Strangers by Belle Burden is a memoir told in four parts, tracing the life of Belle Burden and her marriage to James. What begins as a love story slowly unravels into something unrecognizable. Set during COVID, the book opens at the breaking point and then walks us through the beginning, the middle, the cracks, and finally the aftermath of a relationship that once felt certain.
💭 My Reading Experience
This was such an easy but intense read. I finished it in about four hours, and not because it was light, but because I genuinely could not put it down. It pulls you in quietly at first, then suddenly you are fully inside it, feeling everything with her. There is something about the pacing and the honesty that keeps you turning pages even when parts of it feel uncomfortable.
Strangers By Burden – The Review
Belle’s story does not ease you in. It starts at the end.
In the middle of COVID, Belle receives a voicemail that completely shifts her reality. The message is from a man telling her that her husband, James, is having an affair with his wife. It already feels unreal, but what follows is even more jarring. By the next day, James does not just admit to it; he emotionally checks out of the marriage entirely. Just like that, the life she thought she knew is gone.
What makes this story gripping is not just the betrayal, but the way it unfolds. On the surface, it almost sounds like a familiar story. A long marriage, a successful husband, an affair, a sudden exit. You think you know where it is going. But the way Belle tells it makes it feel different. It feels personal, introspective, and very revealing
She writes like someone trying to understand something that no longer makes sense. She goes back to the beginning, to the early days of love, to how they met, to what felt right. Then she moves through the middle of the marriage, the routines, the sacrifices, the quiet compromises that did not feel like compromises at the time. And slowly, you begin to see how things shifted, even if they were not obvious to her in the moment.
One of the strongest parts of the book is how self-aware she is. She does not write as someone trying to win sympathy. If anything, she questions herself more than anyone else. She points out her own shortcomings, the moments she ignored her instincts, the ways she may have made herself smaller within the relationship. There is something very honest about that. It does not feel polished or defensive; it is just stated as it is.
There were so many moments while reading where I caught myself reacting out loud. The kind of moments where you want to step into the story and say, no, do not do that. Especially when she talks about the choices she made for love. Giving up parts of her independence, adjusting her life around the marriage, and most especially her financial decisions, the whole time trusting that it would all be worth it in the end. It is frustrating, but also very relatable in a quiet way.
And that is really what stayed with me. No one enters a marriage expecting it to end. You are in love, you are committed, you believe in what you are building. You are not thinking about exit strategies or preparing for a version of your life without that person. This book gently challenges that idea. Not in a cynical way, but in a way that reminds you to stay aware, to stay present, and not to lose yourself completely in the process of loving someone else.
Another thing I found interesting is how she navigates life after the breakup. The emotional side is expected: the grief, the confusion, the anger. But there is also the social side. The way people respond, the subtle shifts in how she is perceived, the quiet pressure to either say nothing or say the “right” thing. It adds another layer to the story that makes it feel even more real.
What makes Strangers stand out is not that the story is completely unique, it is that it is told with such clarity and restraint. She is not overly bitter, even when you feel like she has every right to be. She is not trying to paint James as a villain in the simplest sense, even though his actions are hard to ignore. Instead, she is trying to understand, and in doing that, she makes you reflect too.
By the end, it does feel like a shift has happened. Not in a dramatic, everything-is-fixed kind of way, but in a quieter sense of reclaiming herself. Like she is no longer just the person the story happened to, but someone who has stepped outside of it and is beginning again.
Strangers By Belle Burden Blurb
It was a great love story, one for the ages. The speed of our beginning and the speed of our ending felt like matching bookends. They both came out of nowhere. He wanted it, he wanted me. And then he didn’t.

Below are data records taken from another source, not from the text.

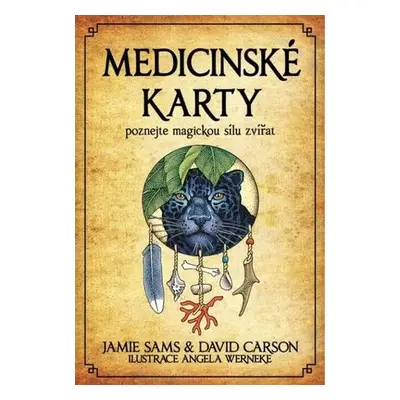 Medicinské karty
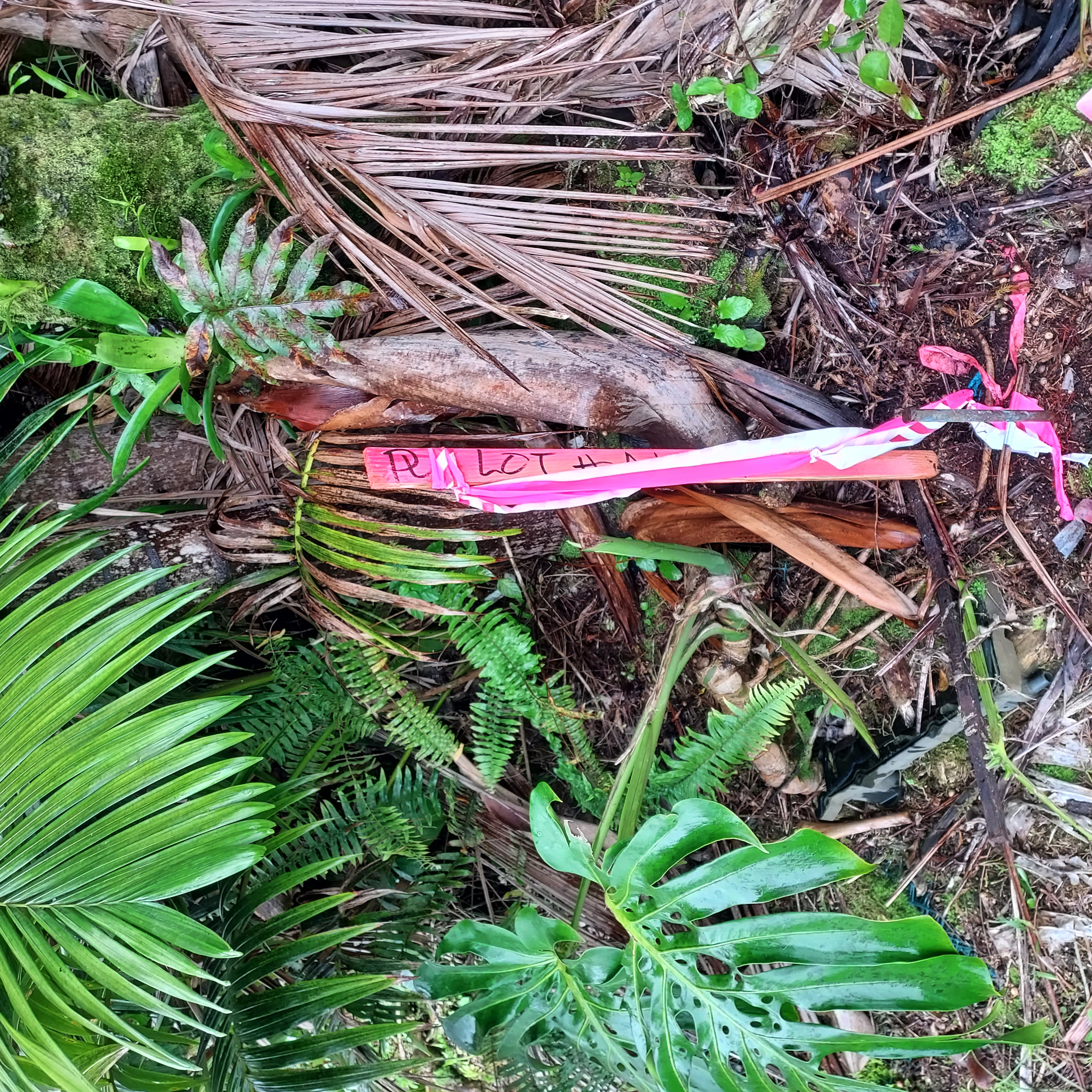 17-737 Lot A Ala Loop Mountain View Kurtistown, HI 96760 - Photo 20 of 28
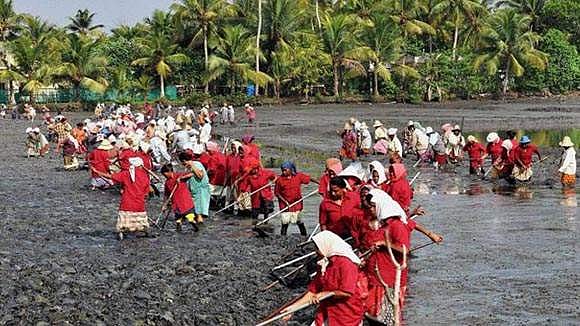 കേരളമുള്‍പ്പെടെ 20 സംസ്ഥാനങ്ങളിലെ തൊഴിലുറപ്പ് കൂലി നിലച്ചു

In March 2020, Belle Burden was safe and secure with her family at their house on Martha’s Vineyard, navigating the early days of the pandemic together—building fires in the late afternoons, drinking whisky sours, making roast chicken. Then, with no warning or explanation, her husband of twenty years announced that he was leaving her. Overnight, her caring, steady partner became a man she hardly recognized. He exited his life with her like an actor shrugging off a costume.
In Strangers, Burden revisits her marriage, searching for clues that her husband was not who she always thought he was. As she examines her relationship through a new lens, she reckons with her own family history and the lessons she intuited about how a woman is expected to behave in the face of betrayal. Through all of it, she is transformed. The discreet, compliant woman she once was—someone nicknamed “Belle the Good”—gives way to someone braver, someone determined to use her voice.
With unflinching honesty and profound grace, Burden charts a path through heartbreak to show the power of a woman who refuses to give up on love. Strangers is a stunning, deeply moving, compulsively readable memoir heralding the arrival of a thrilling new literary talent.